Captioned web image data:
⁂

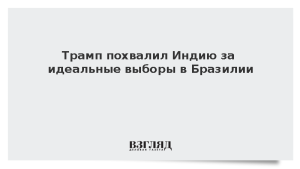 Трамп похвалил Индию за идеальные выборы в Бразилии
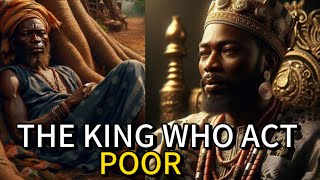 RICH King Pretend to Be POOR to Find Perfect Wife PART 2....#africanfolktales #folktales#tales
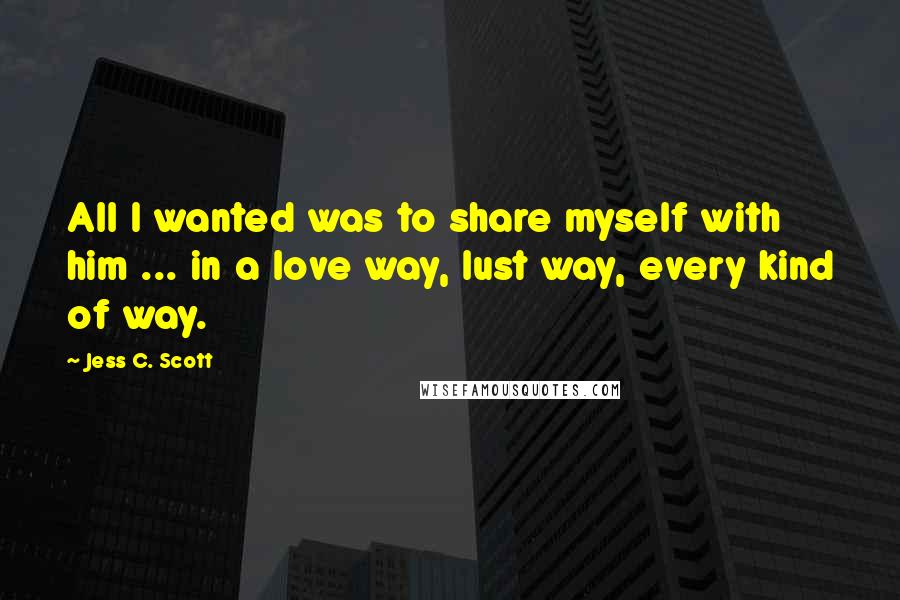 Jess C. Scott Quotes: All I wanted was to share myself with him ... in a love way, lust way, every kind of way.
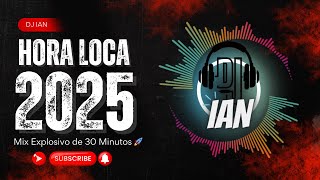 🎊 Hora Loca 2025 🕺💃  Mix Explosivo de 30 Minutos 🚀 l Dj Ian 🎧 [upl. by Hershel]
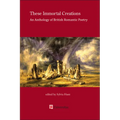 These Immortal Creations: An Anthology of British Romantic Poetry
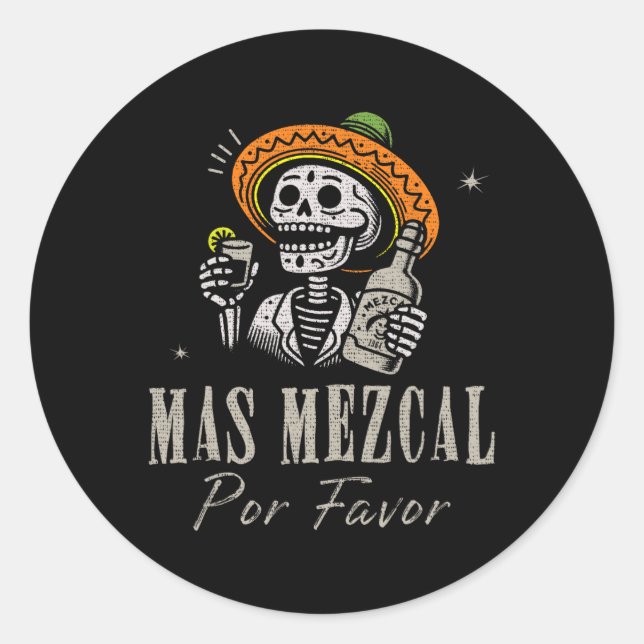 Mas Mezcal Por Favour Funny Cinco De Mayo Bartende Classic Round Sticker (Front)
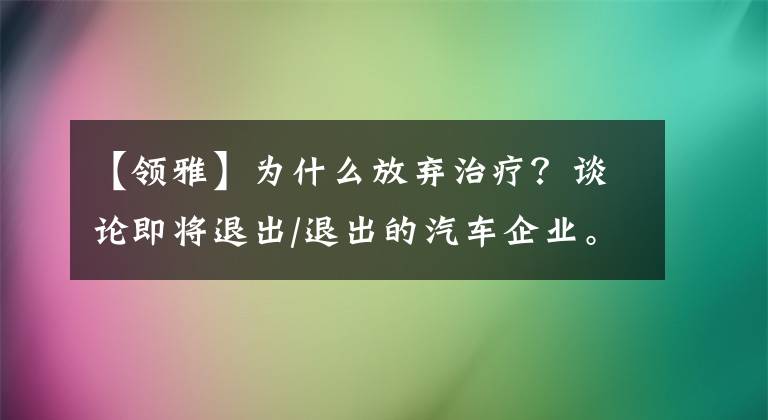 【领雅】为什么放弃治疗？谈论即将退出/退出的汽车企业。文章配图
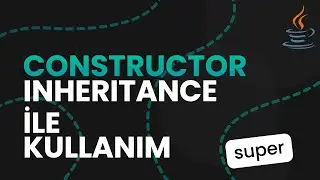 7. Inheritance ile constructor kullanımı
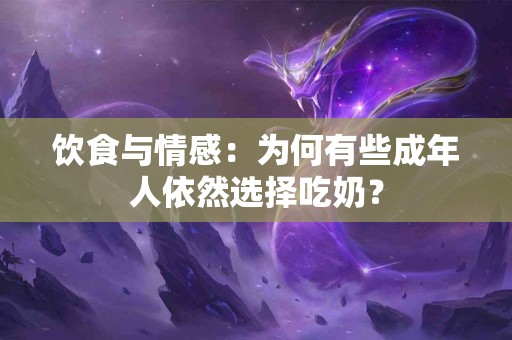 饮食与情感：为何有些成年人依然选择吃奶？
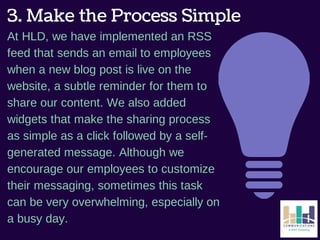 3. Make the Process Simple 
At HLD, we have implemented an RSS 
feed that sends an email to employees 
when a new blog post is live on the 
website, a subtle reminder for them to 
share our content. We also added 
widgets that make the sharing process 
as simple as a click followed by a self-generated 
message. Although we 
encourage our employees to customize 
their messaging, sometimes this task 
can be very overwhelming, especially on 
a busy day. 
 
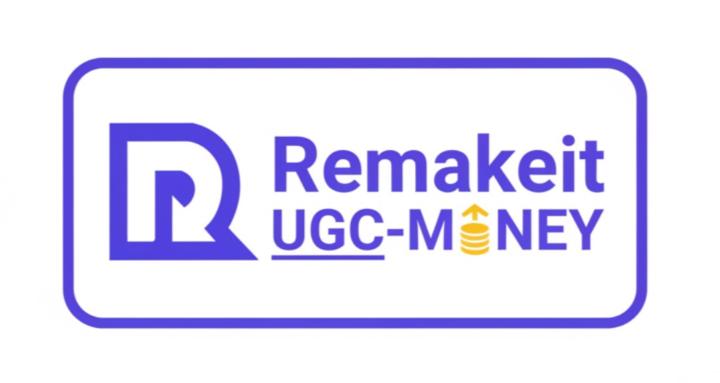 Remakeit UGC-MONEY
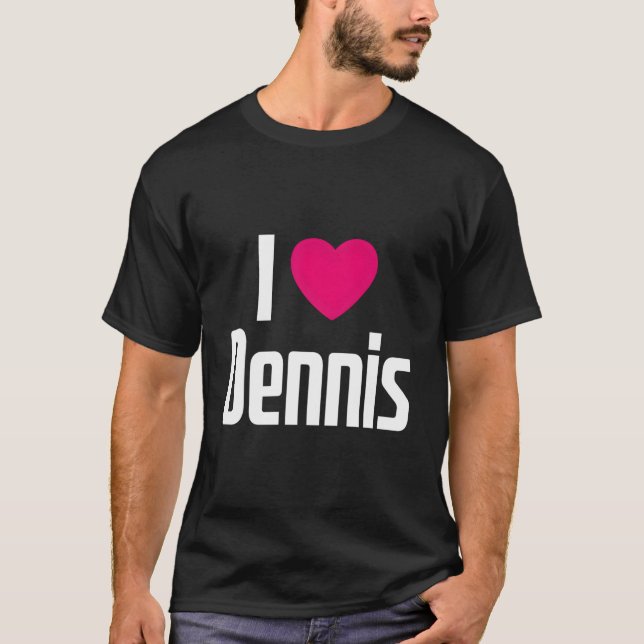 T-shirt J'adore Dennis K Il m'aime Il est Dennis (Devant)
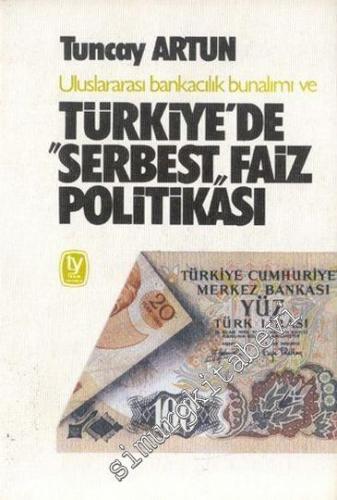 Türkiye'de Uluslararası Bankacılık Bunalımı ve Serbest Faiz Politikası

⁂

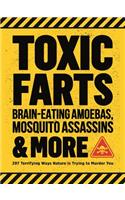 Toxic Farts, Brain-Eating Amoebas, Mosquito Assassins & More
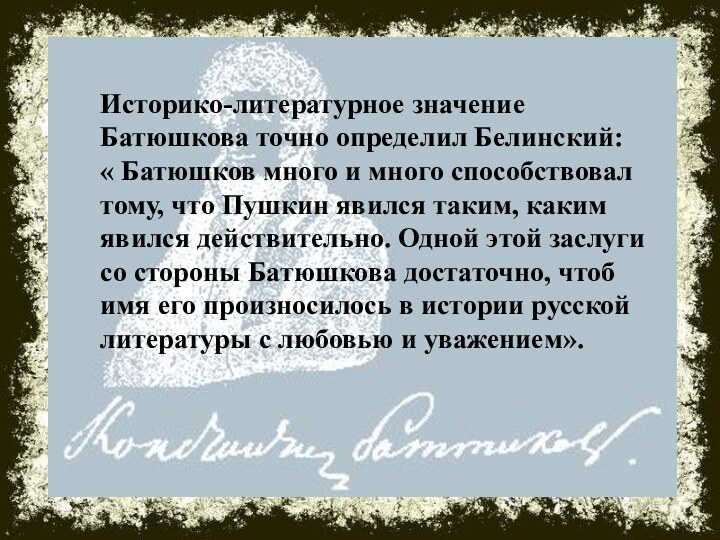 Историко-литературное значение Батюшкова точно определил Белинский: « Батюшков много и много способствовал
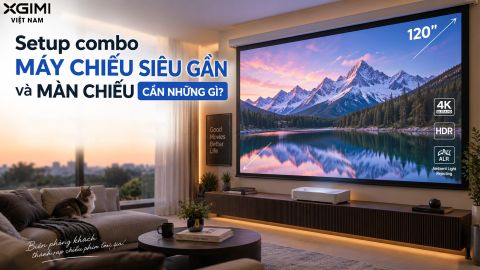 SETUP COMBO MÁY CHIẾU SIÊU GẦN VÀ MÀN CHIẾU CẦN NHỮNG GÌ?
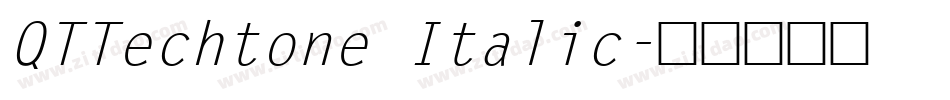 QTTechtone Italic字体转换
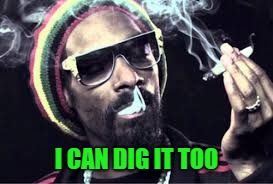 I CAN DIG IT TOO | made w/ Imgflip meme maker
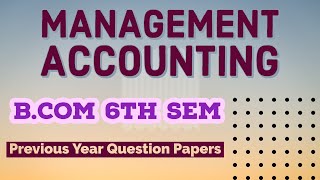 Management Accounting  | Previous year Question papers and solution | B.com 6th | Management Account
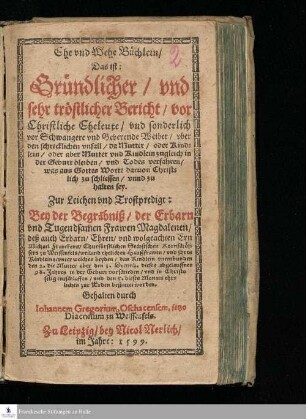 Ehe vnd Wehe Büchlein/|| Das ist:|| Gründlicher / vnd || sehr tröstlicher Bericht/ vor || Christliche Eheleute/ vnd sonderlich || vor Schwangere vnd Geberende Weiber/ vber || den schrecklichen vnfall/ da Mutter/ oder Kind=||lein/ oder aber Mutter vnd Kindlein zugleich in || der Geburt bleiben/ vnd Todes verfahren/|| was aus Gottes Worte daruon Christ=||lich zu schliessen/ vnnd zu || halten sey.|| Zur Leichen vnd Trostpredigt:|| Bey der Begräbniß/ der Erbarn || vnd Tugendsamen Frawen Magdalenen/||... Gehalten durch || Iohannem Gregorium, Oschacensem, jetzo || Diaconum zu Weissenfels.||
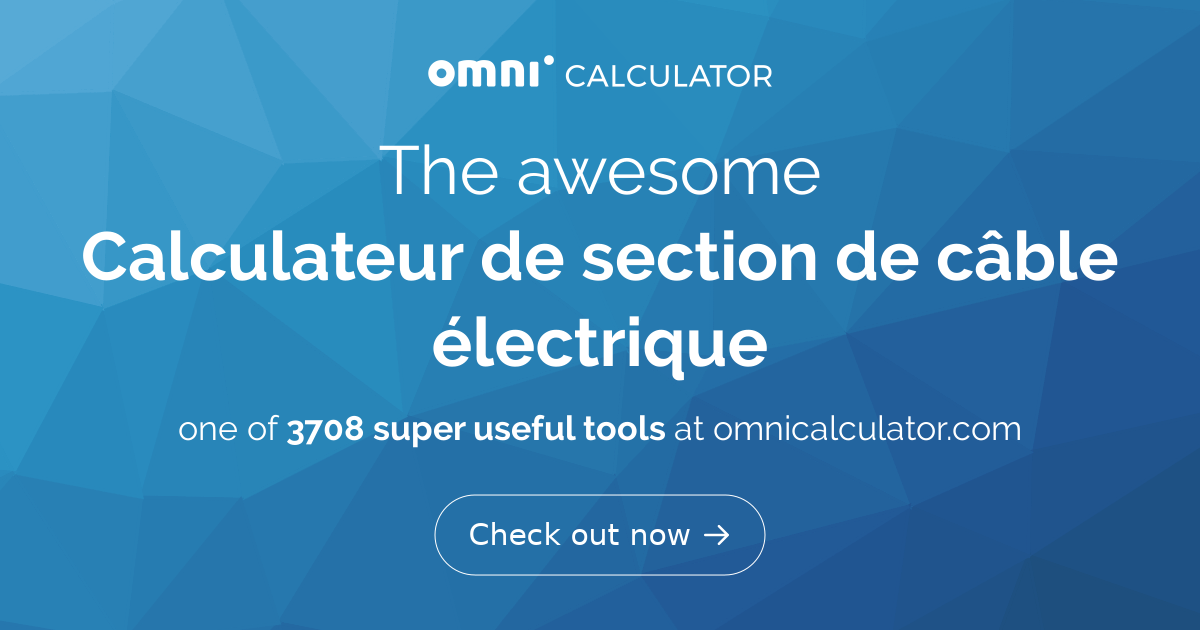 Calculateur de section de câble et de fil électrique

⁂

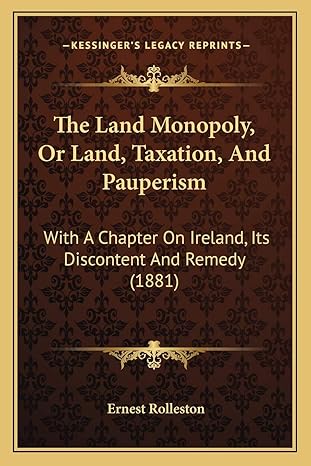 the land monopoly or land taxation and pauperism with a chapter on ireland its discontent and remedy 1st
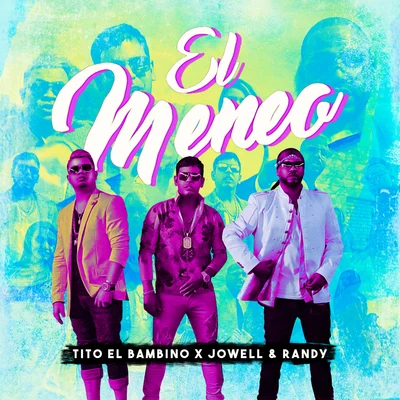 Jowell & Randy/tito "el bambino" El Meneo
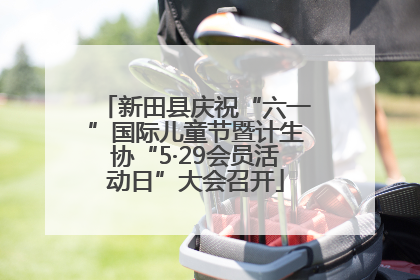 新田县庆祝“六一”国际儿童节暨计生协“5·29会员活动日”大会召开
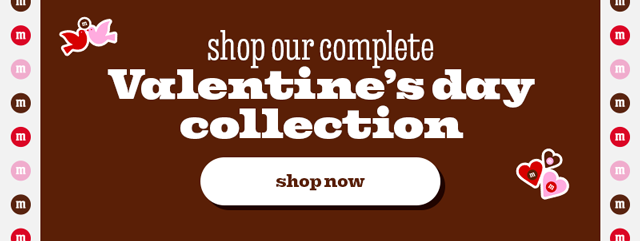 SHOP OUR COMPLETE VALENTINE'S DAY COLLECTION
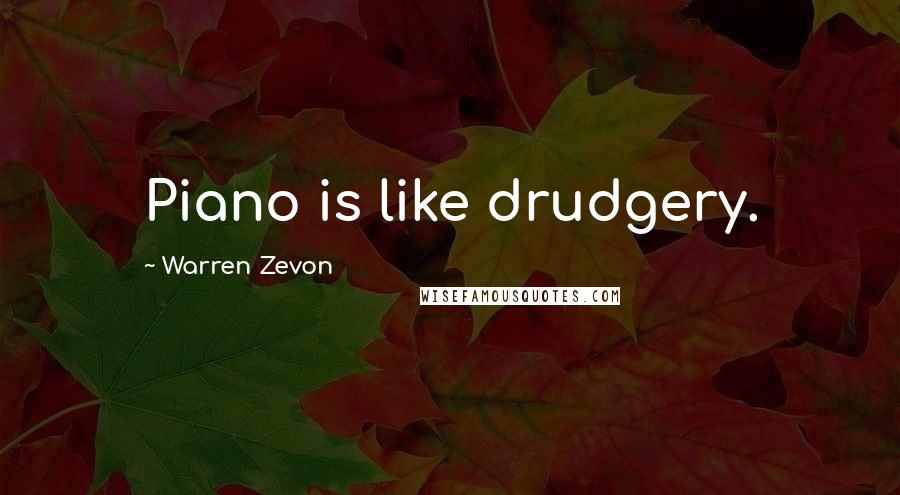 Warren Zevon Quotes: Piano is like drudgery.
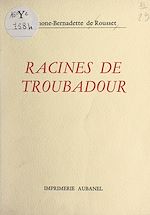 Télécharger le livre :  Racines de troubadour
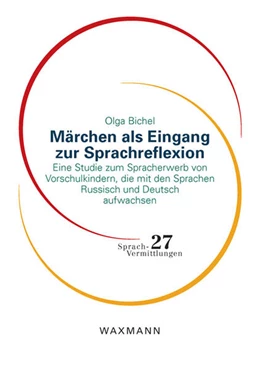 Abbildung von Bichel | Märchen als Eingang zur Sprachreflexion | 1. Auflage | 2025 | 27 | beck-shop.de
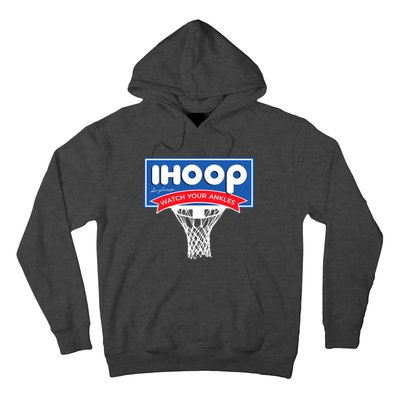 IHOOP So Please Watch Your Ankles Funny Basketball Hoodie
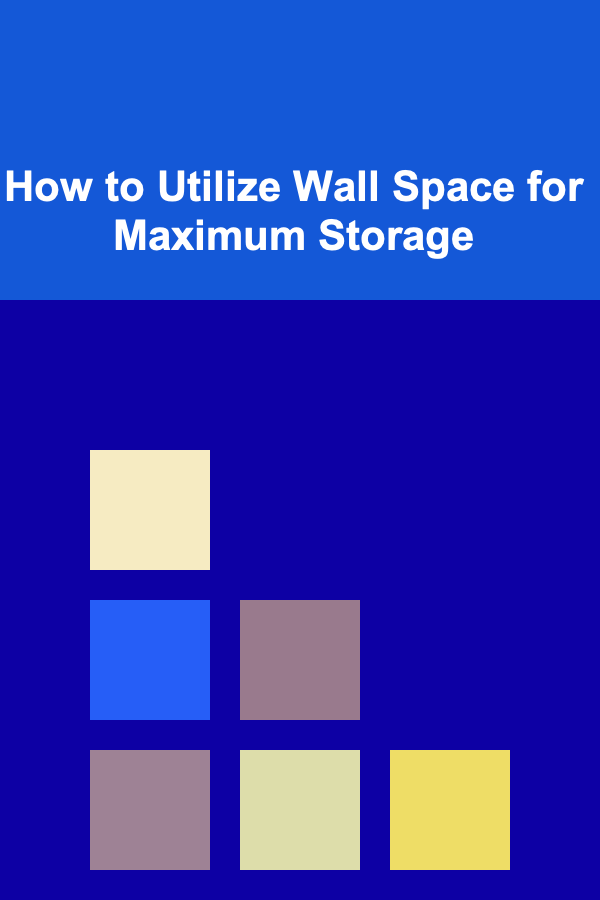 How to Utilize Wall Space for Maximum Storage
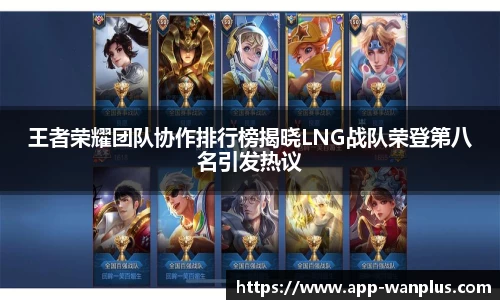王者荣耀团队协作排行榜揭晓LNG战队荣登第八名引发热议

⁂

▶ _Action item_: From the line holding "website, a subtle reminder for them to" to the line holding "Türkiye'de Uluslararası Bankacılık", both included, retype the entries above exactly and drop the pictures.

▶ _Written response_:
website, a subtle reminder for them to 
share our content. We also added 
widgets that make the sharing process 
as simple as a click followed by a self-generated 
message. Although we 
encourage our employees to customize 
their messaging, sometimes this task 
can be very overwhelming, especially on 
a busy day. 
 
 Remakeit UGC-MONEY
 T-shirt J'adore Dennis K Il m'aime Il est Dennis (Devant)
 Türkiye'de Uluslararası Bankacılık Bunalımı ve Serbest Faiz Politikası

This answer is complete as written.